1.2.2. L'adjectifs au sein des noms à
Port-Royal
Dans la grammaire raisonnée, l'adjectif est
étudié dans la classe du nom. En effet, selon Arnaud et Lancelot,
la classe du nom est un vaste ensemble. Il faut y distinguer les noms
substantifs et les noms adjectifs.
Pour Arnaud et Lancelot (1660 : 119-126), les noms substantifs
comprennent des noms communs et des noms propres. Ces mots portent sur des
objets de nos pensées et sur leurs caractéristiques. Les objets
représentent des substances. Elles peuvent subsister,
c'est-à-dire exister seules. Exemple : table, chaise,
terre.
Pour ces auteurs, au contraire,
un nom adjectif ne représente qu'une
caractéristique (un accident, selon la terminologie de l'époque).
Un tel mot ne peut exister seul dans le discours ; il doit s'adjoindre à
un autre mot, d'où la dénomination de nom adjectif. En effet, des
mots comme gentil ou intéressant ne
trouvent leur sens que lorsqu'ils accompagnent un nom substantif, qu'ils
permettent de préciser.
L'adjectif se définit par rapport au substantif. Il
aide à lui donner un contenu référentiel clair. Même
si la grammaire raisonnée aborde l'adjectif, la configuration de cette
classe et ses propriétés paraissent flous. Une question moderne
comme celle du participe s'y trouve néanmoins soulevée.
En tant que catégorie de la langue, le participe se
trouve au confluent de plusieurs problèmes grammaticaux. Il pose la
question de sa définition catégorielle, c'est-à-dire de sa
classe syntaxique, celui de l'accord et des fonctions. Cette forme partage les
traits du verbe, du nom et de l'adjectif. Arnaud et Lancelot en font une partie
du discours à part entière. Parlant de l'accord du participe,
Arnaud et Lancelot (1660 : 126) estiment que ce dernier s'accorde avec le
relatif ou le nom substantif auquel il est lié.

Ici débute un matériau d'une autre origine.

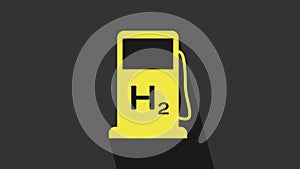 Yellow Hydrogen filling station icon isolated on grey background. H2 station sign. 4K Video motion graphic animation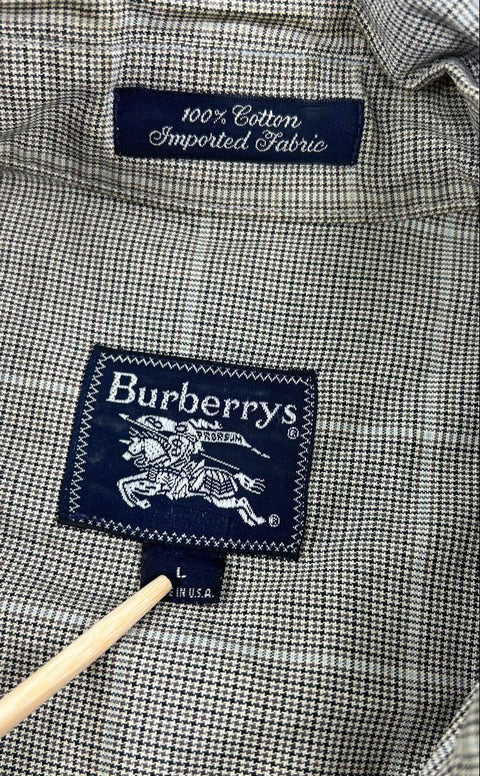 Vintage 90s Burberrys Men's Gray Plaid Houndstooth Cotton Button Up Shirt USA L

accord du participe, et par extension des adjectifs, sur le
modèle du nom substantif. Que peut-on retenir de Port-Royal au plan
théorique et de l'analyse de l'adjectif ?
Pour Piron (2008 : 9)
L'apport majeur de la grammaire d'Arnauld et Lancelot
réside dans la transposition de concepts philosophiques et logiques
à la réflexion linguistique. Les mots, d'une part, sont
scindés en deux supracatégories : dans l'une, ils renvoient aux
« objets des pensées » (nom, article, pronom, participe,
préposition et adverbe) ; dans l'autre, ils renvoient à « la
forme & la manière de nos pensées » (verbe, conjonction
et interjection) (Arnauld et Lancelot, 1660, p. 30). D'autre part, les auteurs
posent comme postulat d'analyse linguistique les trois opérations de
l'esprit que sont le fait de concevoir, de juger et de raisonner. Parmi elles,
l'opération centrale est celle du jugement, exprimée au moyen du
verbe. Juger consiste à « affirmer qu'une chose que nous concevons
est telle ou n'est pas telle » (Arnauld et Lancelot, 1660, p.
28.).
En d'autres termes, la grammaire raisonnée augure
l'analyse grammaticale et l'analyse logique. Elle préfigure
déjà la plupart des fonctions des mots au sein de la phrase. Elle
a corrélé la pensée à la langue et estime que
parler une langue c'est émettre des jugements. Les jugements en question
sont sous-tendus par des verbes. Or, les verbes véhiculent des
propositions, dont chaque phrase correspond à une proposition.
L'adjectif est intriqué au nom. La distinction entre
adjectif qualificatif et adjectif déterminatif n'est pas encore
esquissée. Les propriétés de la classe et ses
différentes ramifications ne sont pas encore connues.
Or, Selon WIGGERS (1997 : 263)
l'histoire de la pensée linguistique est faite non
d'une accumulation longitudinale de savoirs exploités en
continuité, mais d'une combinaison d'apports latéraux et de
superpositions, qui ne se recouvrent jamais parfaitement, et qui
véhiculent des contenus doctrinaux souvent disparates. Mais la
pensée linguistique retrouve une unité dans la mémoire
qu'elle s'est constituée de ces méandres et de ces interstices :
mémoire sélective, et dont certaines parties ne sont guère
activées à telle ou telle époque, mais une mémoire
qui a modelé notre conception du langage, et notre idée de la
façon/des façons dont on peut l'étudier.
Les développements de Port-Royal auront un rayonnement
séculaire. Ils vont influencer toute la grammaire classique et les
ouvrages scolaires. La perception de l'adjectif n'est pas en reste.